Kowalscy postanowili pójść do opery. Kiedyś w końcu trzeba. Odświętnie ubrani ustawili się w kolejce przy kasie. Przed nimi gość zamawia:
-Tristan i Izolda. Dwa poproszę…
Kowalski jest następny:
- Janusz i Grażyna. Dla nas też dwa..
***
- Witam sąsiada, oj na sylwestra to poszaleliście z żoną. Mało mi żyrandol nie zleciał.
- Panie sąsiedzie tak się właśnie rodzą plotki, mnie w nocy to nawet w domu nie było!
***
Dziewczyna przyprowadziła swojego chłopaka, aby poznała go matka. Po wizycie matka mówi: - Bardzo źle wychowany ten twój chłopak… jak z nim rozmawiałam to ziewnął z 10 razy!
- Mamo, on nie ziewał, on próbował się odezwać.
***
Późna noc, w trasie. Kierowca ciężarówki żeby nie zasnąć, włączył radio:
- A teraz audycja dla tych, którzy jeszcze nie śpią.
- O, coś dla mnie! - ucieszył się kierowca.

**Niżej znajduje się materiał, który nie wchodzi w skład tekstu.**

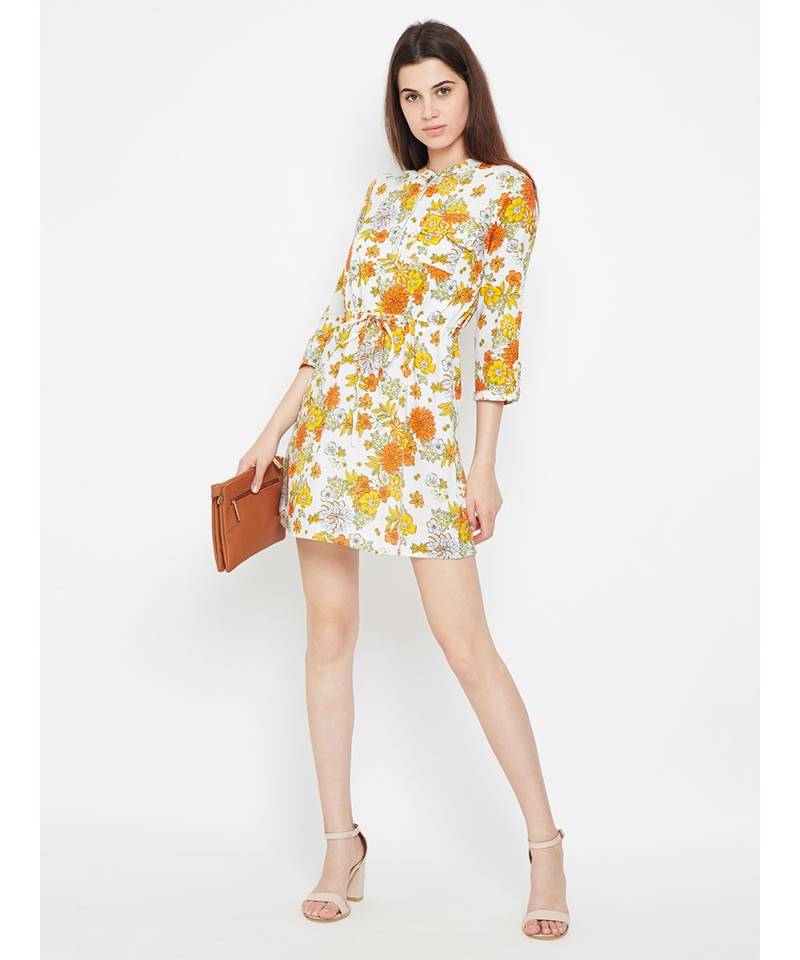 White printed Viscose Dress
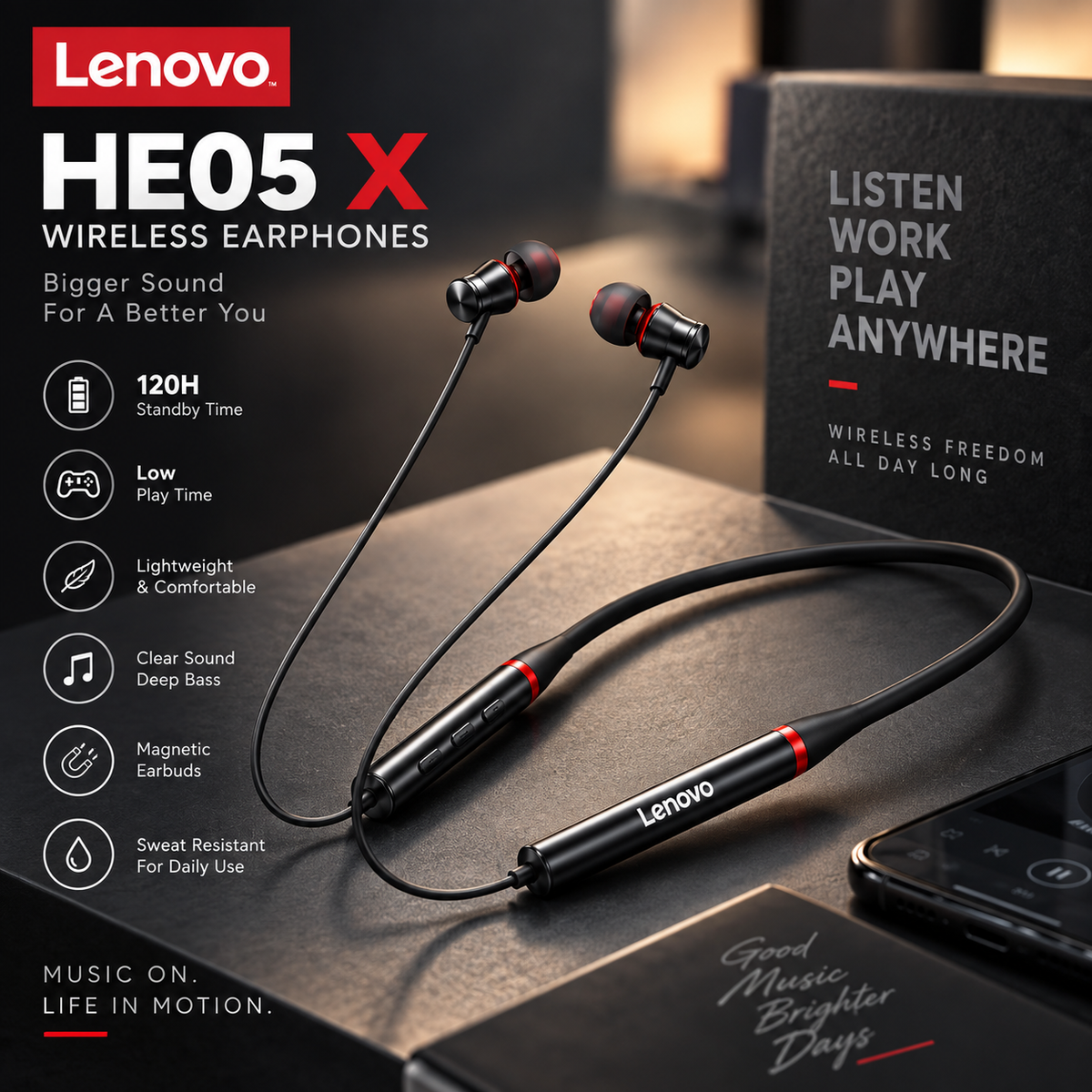 Lenovo - Hanging Neckband Wireless Headphones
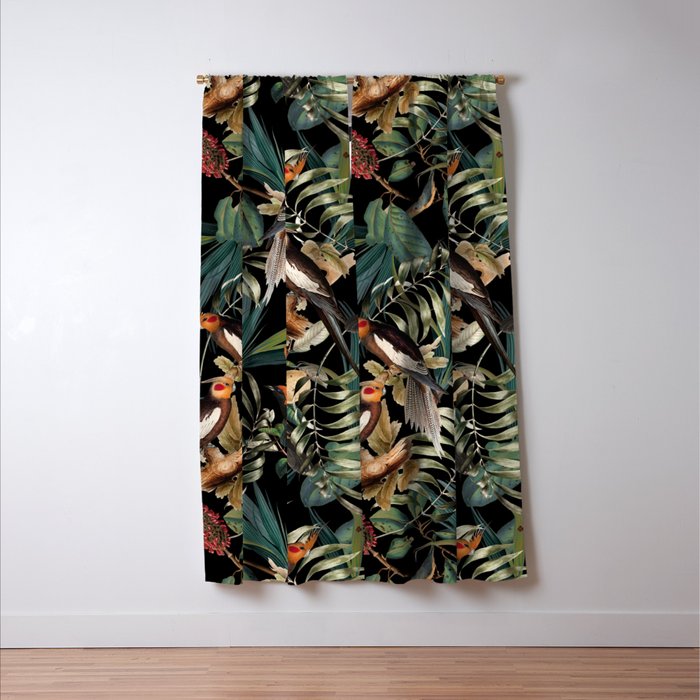 Floral and Birds Vintage Garden Night Window Curtain Gallery Image 3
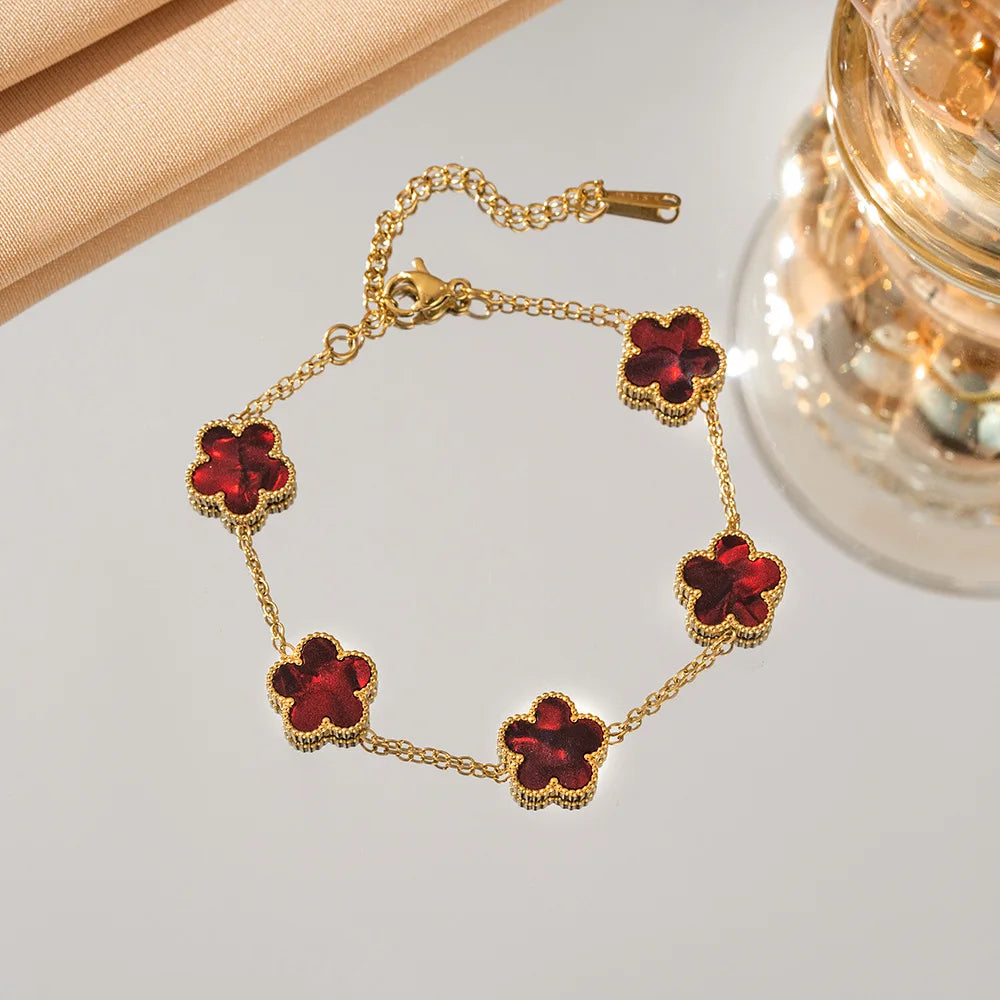 Adjustable Stainless Steel Flower Bracelet - Classic Luxury Women's Fashion Jewelry Gift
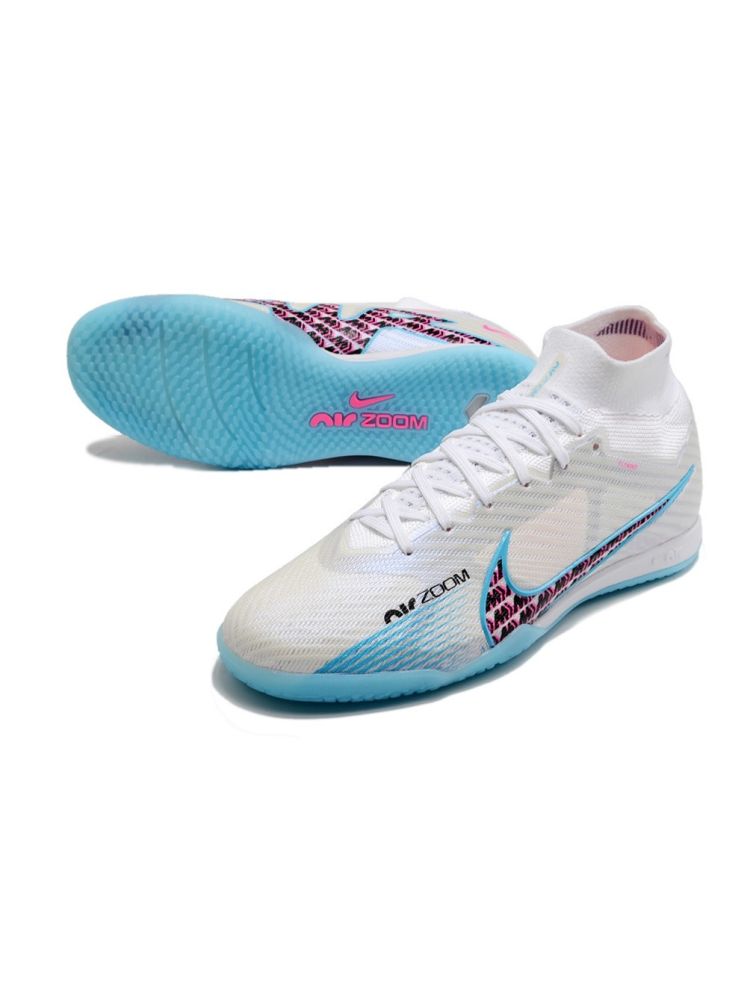 Nike Air Zoom Mercurial Superfly 9 Elite IC - White/Baltic Blue/Laser Pink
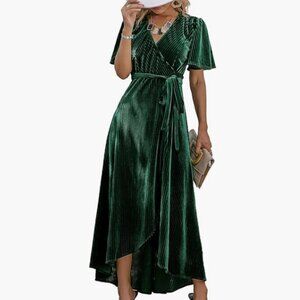 Green Velvet Wrap Midi Dress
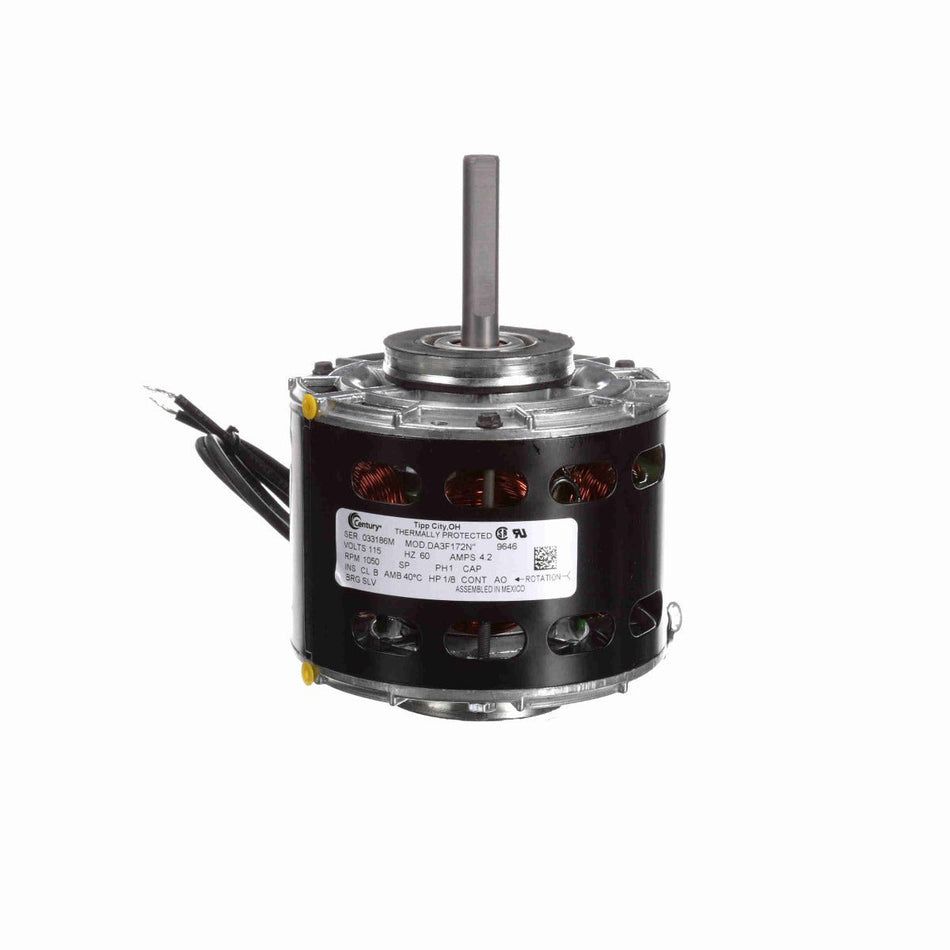 9646 Century Fan Motor 1/8HP 1050RPM 42Y OPEN 115 Volt 1 Phase - Square One Electric Motors & Pumps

- Pierwsza owieczka - hop przez płotek, druga owieczka - hop przez płotek,
trzecia owieczka - hop przez płotek...
***
Spotyka się dwóch kumpli:
- Co u ciebie?
- A, niedobrze. Żonka zarżnęła naszego poloneza...
- O, kurde! A jak? Co się stało?
- No, silnik zatarła... wlała olej roślinny..
- He he, a kiedy się zorientowałeś?
- Jak sobie frytki na Castrolu usmażyłem..
***
Mąż wyjeżdżał za granicę, miał jednak podejrzenia co do żony i poprosił sąsiada, by ten za każdym razem, gdy jakiś gość przyjdzie do żony, wyjmował jedną deskę z płotu. Po jakimś czasie mąż wraca, a tu… nowy płot. Pyta żonę: - Co się stało?
- Nie uwierzysz! Jakiś kretyn nam płot po kawałku kradł, trzy razy trzeba było nowy stawiać!!!